One of Canberra's top My School performers has attributed much of its success to a reading program that has survived the coming and going of experimental programs for decades.
Covenant College in Gordon is shown as a top performer in Saturday's league tables, which use the Index of Community Socio-Educational Advantage (ICSEA) to rate Canberra schools against other similar schools around the country.
The kindergarten to year 10 Christian co-educational school topped the year three reading, spelling and grammar lists, and topped every area except numeracy in the year 9 tables.
Principal Martin Keast said the success was being welcomed by students, teachers and parents, but he cautioned that his was a small school of 140 and its fortunes could fluctuate each year.
''It's a small school, so there's a big statistical swing.

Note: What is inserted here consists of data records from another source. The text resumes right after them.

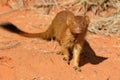 Slender mongoose Royalty Free Stock Photo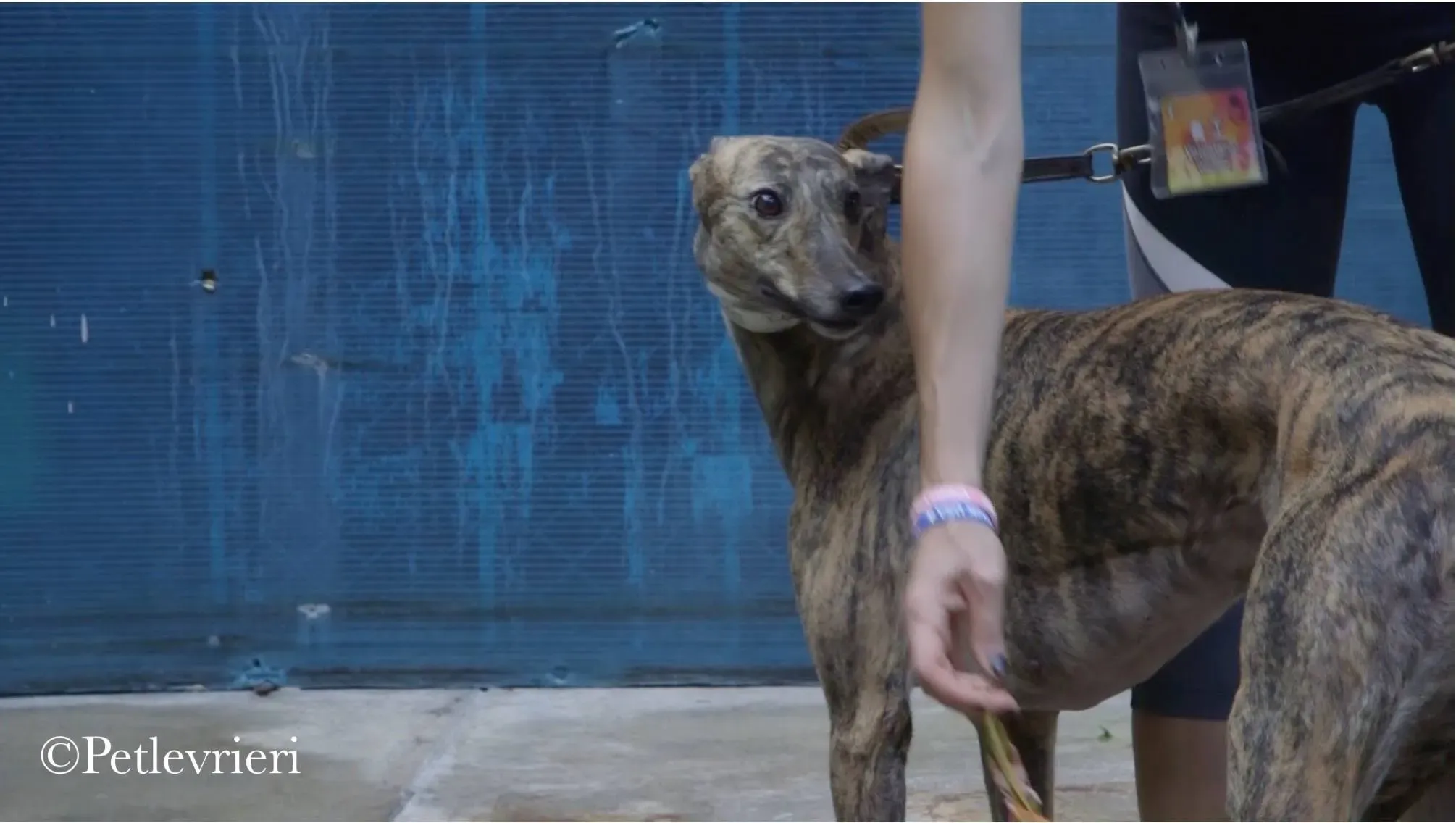 42405856 2148793945375858 5503425686976593920 n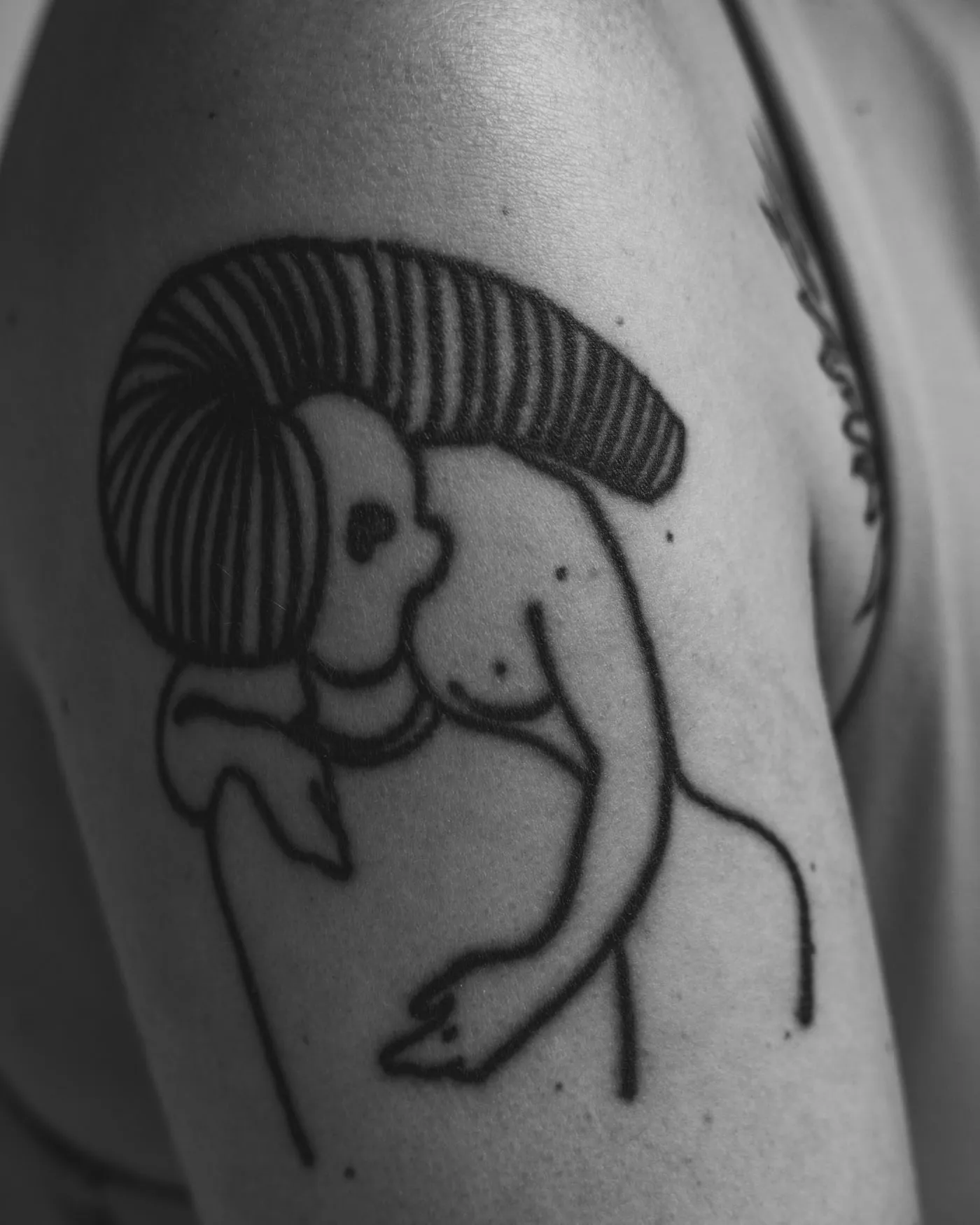 A comparable single-line piece photographed well after healing, the line even throughout.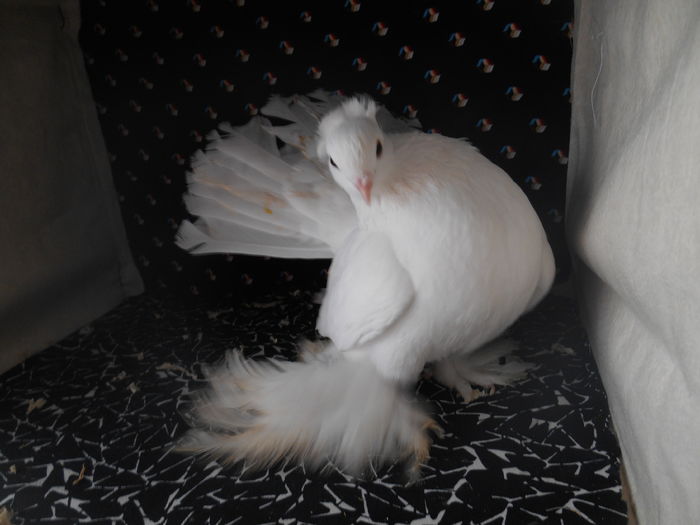 DSCN1680 - jucatori siberieni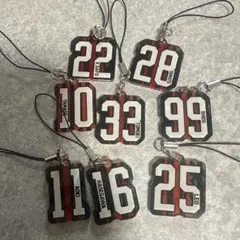 北海道コンサドーレ札幌　ボンフィンチャーム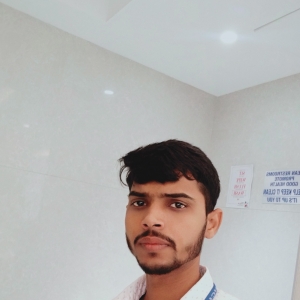 Ram Kumar-Freelancer in Noida,India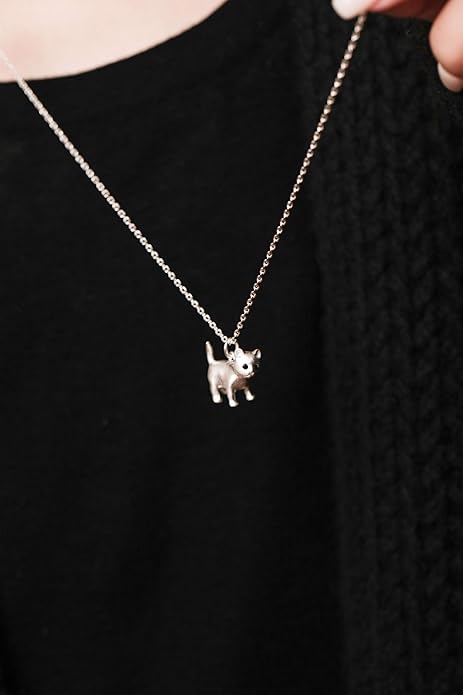 Cat Lover's Necklace - Cat Pendant for Women, Birthday Gifts for Her & Friends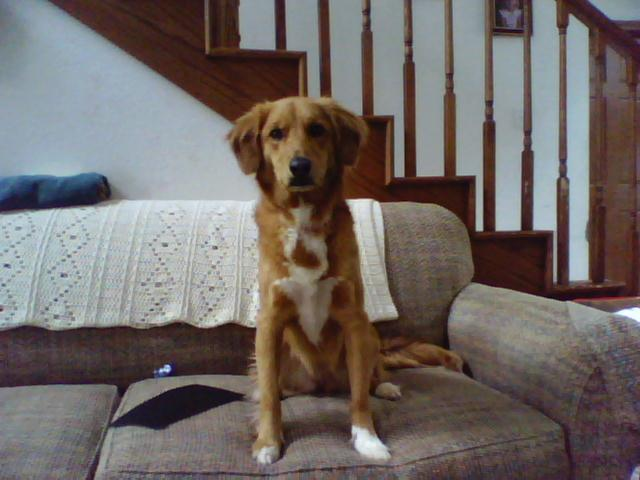 An Australian Shepherd-Beagle mix displaying mastery of the "sit" command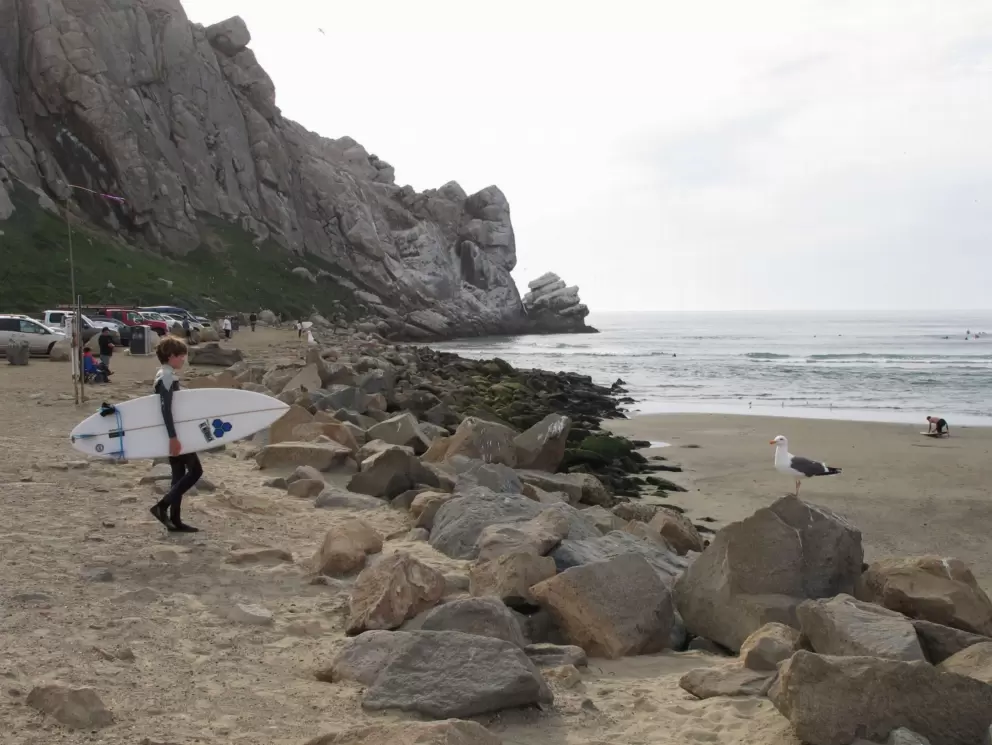 A young surfer.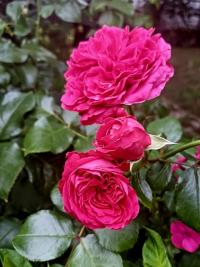 Růže 'Leonardo da Vinci' - Sadové růže (Rosa)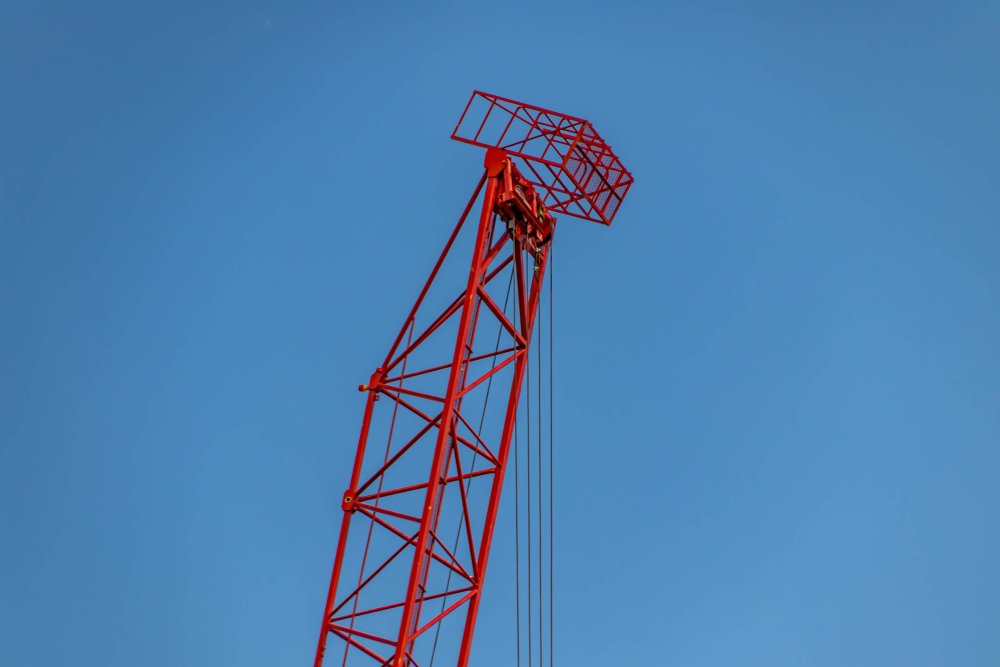 IMG_4250.jpg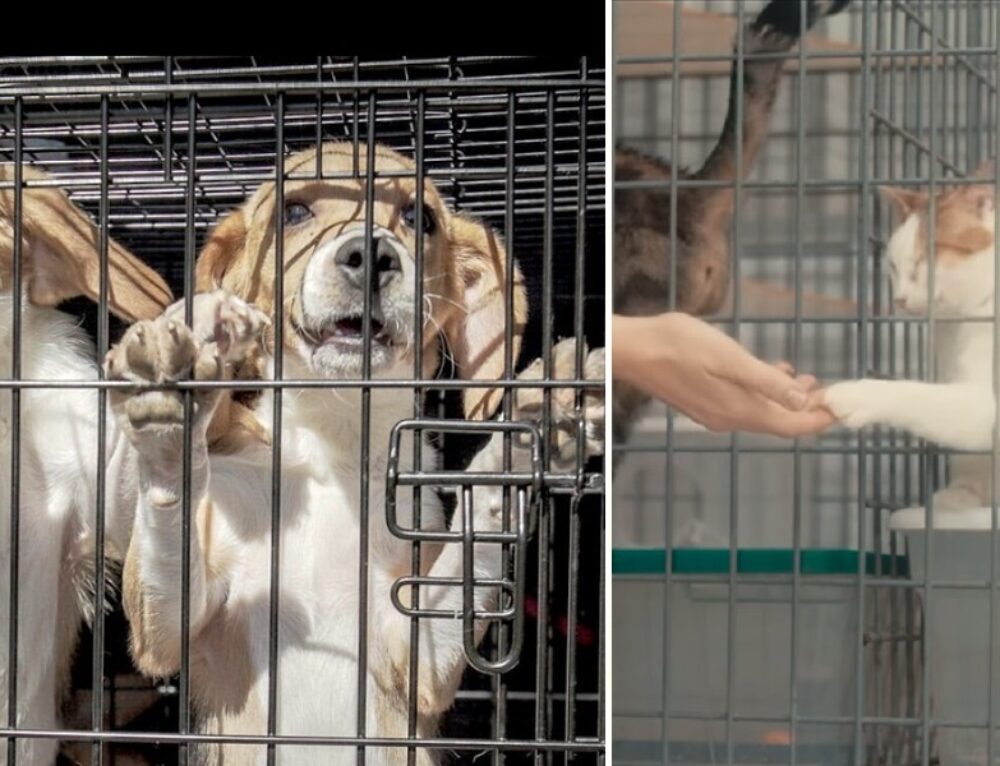 Kitten In NYC Takes Terrifying 15Mile Journey Stuck Under Car; 7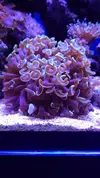 [TodoMarino.com] EUPHYLLIAS - Brown Jelly Syndrome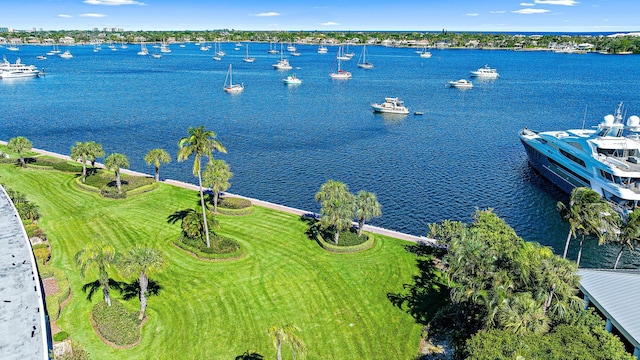 bird's eye view with a water view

If we have a class of 10 and a kid in there who is not so able, it can drag you down 10 per cent,'' Mr Keast said.
''But in this case, things are going well and our parents are pleased.''
Mr Keast believed the school's performance in reading, writing, spelling and grammar was based on its adherence to a structured phonics program that has been a foundation for school reading since the 1950s.
''I believe reading is foundational; if you can't read you won't access the other subjects. There's been some strange theories that have come and gone over the years, some of which I think have done a lot of harm, so I'm encouraged that this approach seems to be working.''
The ACT branch of the Australian Education Union hit out at the publication on Friday of My School tables, describing them as ''unreliable and meaningless''.
Acting branch secretary Glenn Fowler said ''schools are jumping around all over the place. In year 3 writing, one school went from 1st last year to 66th this year, whilst in year 3 grammar another school went from 81st to 4th.''
Mr Fowler said the AEU accepted some schools have achieved progress in areas that are tested through NAPLAN, but he said the rankings were affected mostly by the strength of each year's student group.
''The simple fact is that student cohorts change every year. And the smaller the school, the greater the chance of wild fluctuations,'' he said.